Plaintiff Harper is suing Defendants Hawkins, Cleaver, Whitley and Nooth alleging they improperly retaliated against him for use of the prison's grievance process. Plaintiff alleges Defendant Hawkins 1) harassed Plaintiff, verbally and through improper cell inspections, in retaliation for Plaintiff requesting grievance forms; 2) told other inmates Plaintiff was a snitch in an effort to get the other inmates to attack Plaintiff; 3) issued a false misconduct report to Plaintiff and others for sitting five at a table when only four people were sitting there; 4) tried to have Plaintiff's medical helper removed; and 5) told other correctional officers of confidential informants who had indicated Plaintiff was violating prison rules against unlawful organization, which resulted in misconduct reports and discipline for Plaintiff. Defendants Cleaver and Whitley were the two officers Defendant Hawkins told about the confidential informants. Defendant Nooth is the Superintendent of Snake River Correctional Institute ("SRCI") and is being sued under a theory of supervisory liability.

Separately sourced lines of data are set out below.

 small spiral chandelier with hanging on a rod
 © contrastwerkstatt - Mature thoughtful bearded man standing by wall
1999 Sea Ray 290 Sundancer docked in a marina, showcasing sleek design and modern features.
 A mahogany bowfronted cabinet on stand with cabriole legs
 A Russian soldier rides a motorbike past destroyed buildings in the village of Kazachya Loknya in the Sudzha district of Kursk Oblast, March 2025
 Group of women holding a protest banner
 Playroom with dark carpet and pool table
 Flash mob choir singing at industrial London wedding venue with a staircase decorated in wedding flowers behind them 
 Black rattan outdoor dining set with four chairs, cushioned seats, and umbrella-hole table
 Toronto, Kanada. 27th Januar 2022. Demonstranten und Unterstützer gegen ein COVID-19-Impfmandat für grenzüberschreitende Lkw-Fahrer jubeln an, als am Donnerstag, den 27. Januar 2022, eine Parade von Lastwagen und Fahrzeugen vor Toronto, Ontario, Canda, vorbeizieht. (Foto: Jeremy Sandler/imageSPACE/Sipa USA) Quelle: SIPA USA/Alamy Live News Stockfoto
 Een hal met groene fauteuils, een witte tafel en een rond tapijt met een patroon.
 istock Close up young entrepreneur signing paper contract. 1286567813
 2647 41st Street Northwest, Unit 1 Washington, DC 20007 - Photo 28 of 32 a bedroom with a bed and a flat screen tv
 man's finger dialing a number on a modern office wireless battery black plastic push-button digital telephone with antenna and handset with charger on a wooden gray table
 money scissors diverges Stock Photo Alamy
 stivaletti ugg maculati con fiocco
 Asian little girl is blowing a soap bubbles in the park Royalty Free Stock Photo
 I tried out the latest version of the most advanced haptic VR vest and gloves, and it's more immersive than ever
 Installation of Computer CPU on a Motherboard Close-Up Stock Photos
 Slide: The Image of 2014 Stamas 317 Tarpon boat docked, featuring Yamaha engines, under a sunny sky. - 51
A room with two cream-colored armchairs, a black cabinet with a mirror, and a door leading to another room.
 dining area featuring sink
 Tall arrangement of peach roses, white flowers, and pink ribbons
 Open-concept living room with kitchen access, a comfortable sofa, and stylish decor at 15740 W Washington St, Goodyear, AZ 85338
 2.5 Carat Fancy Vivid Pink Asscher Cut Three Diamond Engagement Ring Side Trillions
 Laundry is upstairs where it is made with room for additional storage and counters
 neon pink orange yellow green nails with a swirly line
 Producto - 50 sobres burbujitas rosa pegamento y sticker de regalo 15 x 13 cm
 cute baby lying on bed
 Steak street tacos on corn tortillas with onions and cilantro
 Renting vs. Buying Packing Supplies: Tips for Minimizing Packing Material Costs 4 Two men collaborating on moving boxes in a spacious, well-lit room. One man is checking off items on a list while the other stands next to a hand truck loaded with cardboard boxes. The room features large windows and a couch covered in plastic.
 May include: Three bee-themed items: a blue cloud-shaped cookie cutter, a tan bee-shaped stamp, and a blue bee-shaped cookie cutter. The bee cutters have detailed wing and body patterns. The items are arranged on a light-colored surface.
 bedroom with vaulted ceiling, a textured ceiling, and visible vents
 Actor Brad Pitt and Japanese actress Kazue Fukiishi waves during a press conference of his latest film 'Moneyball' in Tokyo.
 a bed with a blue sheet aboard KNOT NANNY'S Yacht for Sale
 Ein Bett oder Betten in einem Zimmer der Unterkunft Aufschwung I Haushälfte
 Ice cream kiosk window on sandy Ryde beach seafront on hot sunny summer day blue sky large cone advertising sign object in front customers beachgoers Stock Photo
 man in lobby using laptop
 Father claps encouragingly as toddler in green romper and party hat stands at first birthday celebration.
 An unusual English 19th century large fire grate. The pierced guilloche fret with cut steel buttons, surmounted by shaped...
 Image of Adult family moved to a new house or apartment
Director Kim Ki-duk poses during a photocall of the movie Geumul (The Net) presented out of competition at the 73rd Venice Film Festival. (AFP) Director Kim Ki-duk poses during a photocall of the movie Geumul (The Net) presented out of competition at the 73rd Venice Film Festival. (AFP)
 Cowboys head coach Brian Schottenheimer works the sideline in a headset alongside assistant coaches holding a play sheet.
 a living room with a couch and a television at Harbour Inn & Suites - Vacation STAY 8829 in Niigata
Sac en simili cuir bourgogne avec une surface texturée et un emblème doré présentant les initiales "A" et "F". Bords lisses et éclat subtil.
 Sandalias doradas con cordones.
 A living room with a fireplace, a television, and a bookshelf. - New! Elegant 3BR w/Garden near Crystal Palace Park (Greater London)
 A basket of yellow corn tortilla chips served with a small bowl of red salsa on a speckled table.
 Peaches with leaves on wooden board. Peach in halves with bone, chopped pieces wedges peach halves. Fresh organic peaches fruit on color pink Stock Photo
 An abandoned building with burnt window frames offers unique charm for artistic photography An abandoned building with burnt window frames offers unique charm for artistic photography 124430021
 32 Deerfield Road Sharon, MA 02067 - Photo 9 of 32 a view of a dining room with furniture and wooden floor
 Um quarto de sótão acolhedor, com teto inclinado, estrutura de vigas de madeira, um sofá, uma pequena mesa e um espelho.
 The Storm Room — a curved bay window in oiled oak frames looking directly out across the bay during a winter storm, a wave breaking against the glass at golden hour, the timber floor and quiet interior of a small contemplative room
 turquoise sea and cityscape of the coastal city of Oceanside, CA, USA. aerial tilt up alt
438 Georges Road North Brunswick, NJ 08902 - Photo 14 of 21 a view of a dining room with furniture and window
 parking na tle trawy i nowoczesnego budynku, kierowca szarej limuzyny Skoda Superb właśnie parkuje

Summary judgment is proper "if the movant shows that there is no genuine dispute as to any material fact and the movant is entitled to judgment as a matter of law." FED. R. CIV. P. 56(a). The initial burden for a motion for summary judgment is on the moving party to identify the absence of a genuine issue of material fact. Celotex Corp. v. Catrett, 477 U.S. 317, 323 (1986). Once that burden is satisfied, the burden shifts to the non-moving party to demonstrate, through the production of evidence listed in Fed. R. Civ. P. 56(c)(1), that there remains a "genuine issue for trial." Celotex, 477 U.S. at 324. The non-moving party may not rely upon the pleading allegations. Brinson v. Linda Rose Joint Venture, 53 F.3d 1044, 1049 (9th Cir. 1995) (citing FED. R. CIV. P 56(e)). All reasonable doubts and inferences to be drawn from the facts are to be viewed in the light most favorable to the non-moving party. Matsushita Elec. Indus. Co. v. Zenith Radio Corp., 475 U.S. 574, 587 (1986).
Plaintiff concedes in his affidavit he would like to dismiss Defendant Williamson and Defendants Doe. I therefore GRANT Defendants' motion for summary judgment as to these two defendants and dismiss them.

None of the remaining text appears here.